In 1774 Robert Barron invented the double-acting tumbler. His lock could be opened only by a key that lifted both tumblers to an exact height so that the talon on the bolt could pass through. In America and England a ward was added to give further protection and security. A ward is nothing more than an obstruction to prevent the entrance of a false key.
Some forty-four years later Jeremiah Chubb, an Englishman, patented his “detector lock,” which proved quite revolutionary. Made of several levers, usually six, it had a detector lever that came into action if any key other than the correct one was used. If some unwary intruder tried to open this lock with another key, the detector lever would be lifted too high, where it remained until the correct key was turned in the reverse direction so that the lock could again be operated. This lock not only gave protection but also informed the owner that someone was tampering with his lock. Some time later an American by the name of Hobbs added a safety lever to the lock. Needless to say, this model proved to be an enormous success.
Internal Change
In the United States almost synonymous with the word “lock” is the name “Yale." Linus Yale, Jr., a young American blacksmith from New York, won fame when he invented a lock system known as a cylinder within a cylinder. In place of pins young Yale used a large number of small metal disks called tumblers, each of which held the bolt from slipping. His system opened the way for smaller keys. It also offered a great deal of security. At one time Yale manufacturers claimed that a key that differed no more than one fiftieth of an inch from the correct one would not work in their locks.
The irregular shape of the keys provided a further degree of security. The notches of the average key may be cut in eight depths. So with five notches the number of different keys possible is eight to the power of five, or the unbelievably large number of 32,768. Then too, a further number of key changes are obtained by milling grooves lengthwise on the sides to correspond to similar grooves in the keyhole. By varying the shape and location of these grooves the number of changes is made almost inexhaustible. As a result, a well-organized institution was formed that makes locksmithing the same world-wide. The trade is one of the greatest enterprises in the modern world.
Keyless Locks
Forgetting or losing one’s key was not the reason for inventing keyless locks, although it may have been a contributing factor. In spite of their many advantages keyless locks are not as popular as key locks. Outside the United States and Canada keyless locks are seldom used. However, they are in demand. Bank vaults and safedeposit boxes well demonstrate their worth.

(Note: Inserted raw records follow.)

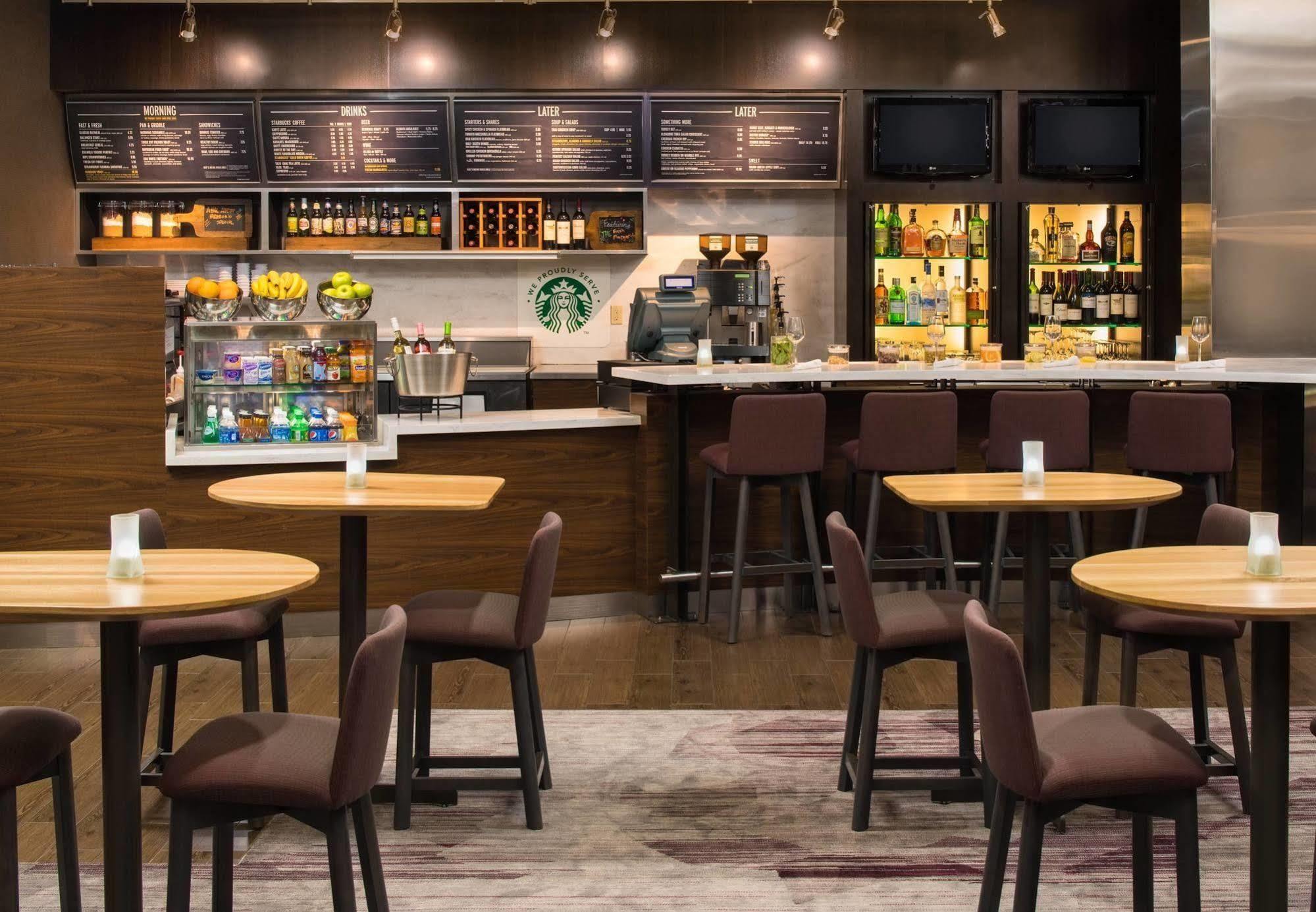 Courtyard By Marriott Seattle Federal Way Hotel Екстериор снимка
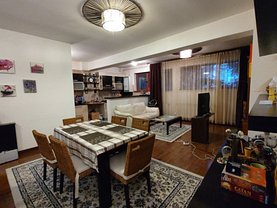 Apartament de vânzare 3 camere, în Bucureşti, zona Pipera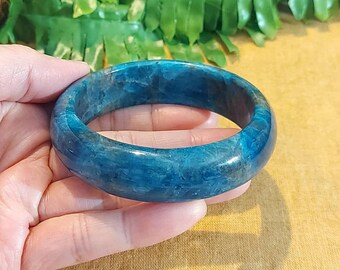 DJade-新品 59 mm 美しい天然ブルーアパタイトクリスタル宝石バングル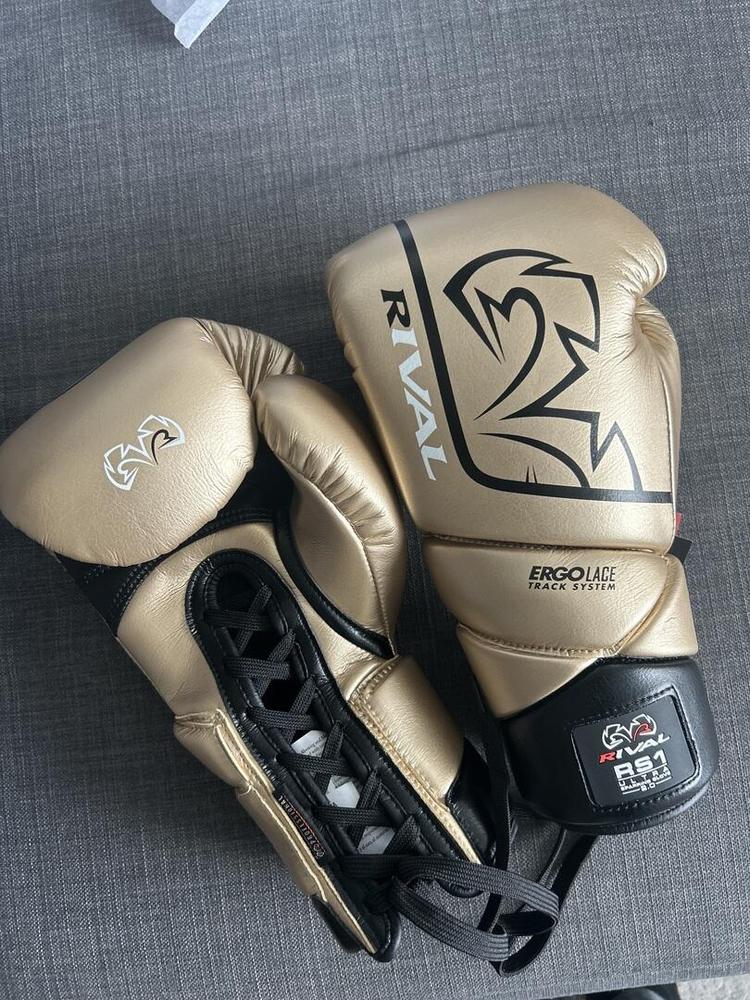 RIVAL Boxing RS1 2.0m Pro Lace Up Sparring Gloves – Forza Sports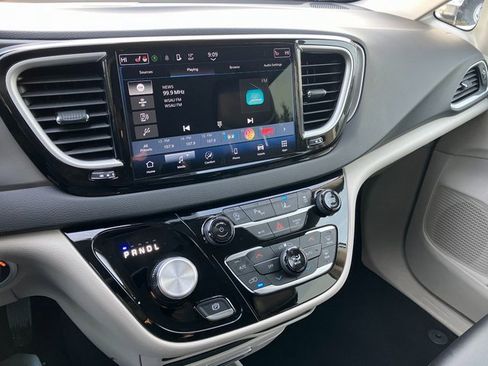 Used 2024 Chrysler Pacifica Touring-L image 8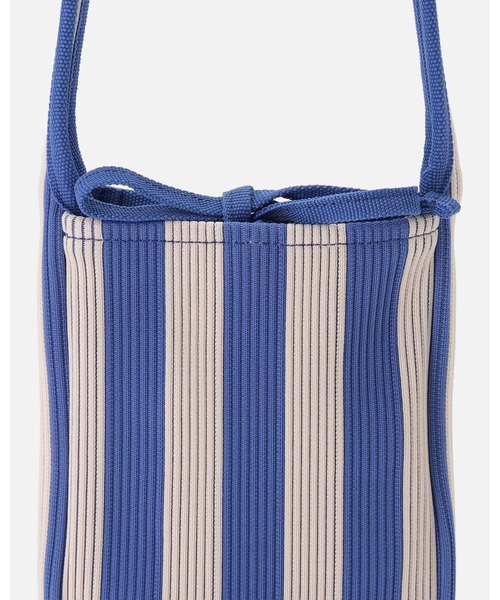 marimekko(マリメッコ)の「Merirosvo / Knitted Phone Pocket bag(ショルダーバッグ・レディース・ブルー・FREE)」の7枚目の写真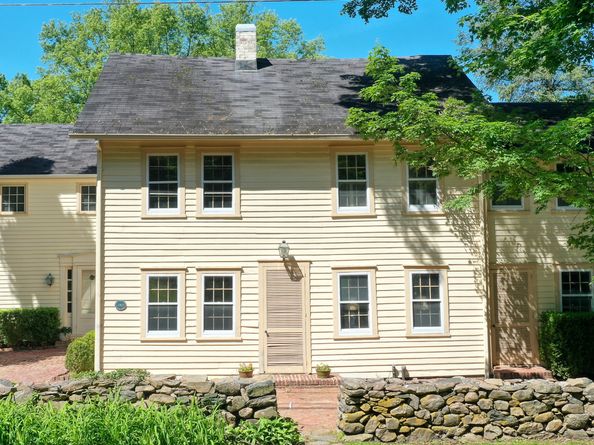 708 Ponus Ridge, New Canaan CT 06840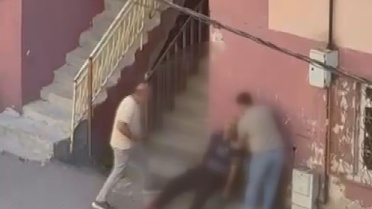 Kiracı, Ev Sahibine Bıçakla Saldırdı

There are several kinds of keyless locks. There is the combination lock that operates on an arrangement of letters or numbers. There are also time locks that open only at a given time. In the case of a time lock there are three watch movements used to reduce to a minimum the possibility of failure. Practically all modem prisons are now equipped with an integrated lock system operated by means of electricity. In this way all doors can be closed and locked at the same time. Not only does this new method help the morale, but it also reduces the possibility of escape. Each of such locks can be operated manually in case of a power failure.
Without doubt the chief purpose for having a lock is to protect one’s property. Still locks do render many other valuable services. For instance, the ignition switch on your car is completed by the use of a lock and key. In industry there are locks that prevent serious accidents and injury to machine operators. The lock automatically stops the machine if some error has been committed or some irregularity has occurred.
One manufacturer claims to produce no less than 1,250 different kinds of locks. Modem locks have as many as fifty separate parts. Before mass production days all locks were made entirely by hand. Skilled craftsmen fashioned each part ingeniously. We can better appreciate their work when we see some of those very old handmade locks still workable today. This writer has seen a lock over two hundred years old that still has its strength in all moving parts.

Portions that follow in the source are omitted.